Cabo Delgado, a província de Moçambique devastada pela guerra, ganhou as manchetes nos últimos anos pelas suas vastas reservas de Gás Natural Liquefeito (GNL) e pela insurreição brutal que ameaçou o seu desenvolvimento. Mas à medida que a segurança melhora e a normalidade regressa, surge uma história diferente – a da abundância agrícola.
A província está à beira de uma colheita abundante, com estimativas sugerindo um aumento de 5% no rendimento em comparação com a época anterior.

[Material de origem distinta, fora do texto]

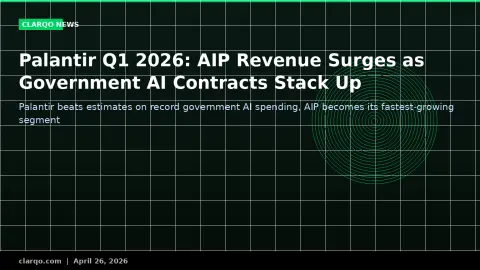 Palantir Q1 2026: AIP Revenue Surges as Government AI Contracts Stack Up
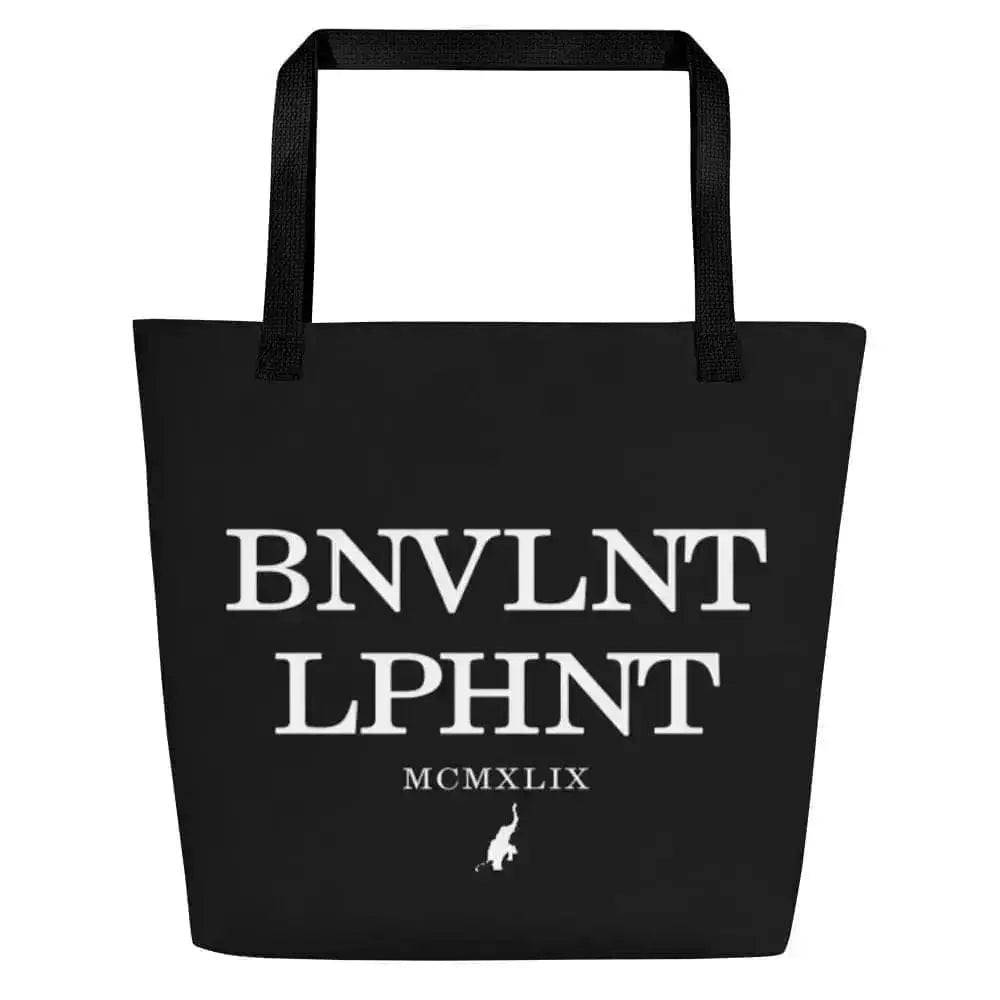 BNVLNT LPHNT Large Tote Bag Benephant.com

Nocif Magaia, director provincial da Indústria e Comércio de Cabo Delgado, disse à Rádio Moçambique: “Pretendemos comercializar mais de 1,3 milhões de toneladas de vários produtos agrícolas”.

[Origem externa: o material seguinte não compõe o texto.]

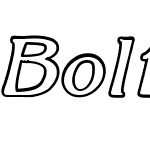 BoltonItalicOutline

Isto traduz-se não apenas em celeiros volumosos, mas também num potencial aumento económico. “A produção agrícola poderá gerar mais de 8 mil milhões de meticais (aproximadamente 125,5 milhões de dólares)”, disse Magaia, destacando os benefícios financeiros inesperados que uma colheita bem-sucedida pode trazer.
A reviravolta é atribuída em parte à intervenção da Missão da Comunidade de Desenvolvimento da África Austral (SAMIM) e das Forças de Defesa do Ruanda em Julho de 2021. Os seus esforços ajudaram a fazer recuar a insurgência, criando um ambiente mais estável para os agricultores regressarem aos seus campos.
“A colheita desta época poderá ser um factor de mudança nos preços dos alimentos na província”, continuou Magaia. A insurreição interrompeu os canais de produção e distribuição de alimentos, provocando escassez e inflação. Uma colheita abundante tem o potencial de inverter essa tendência, tornando os alimentos mais acessíveis e baratos para os residentes de Cabo Delgado.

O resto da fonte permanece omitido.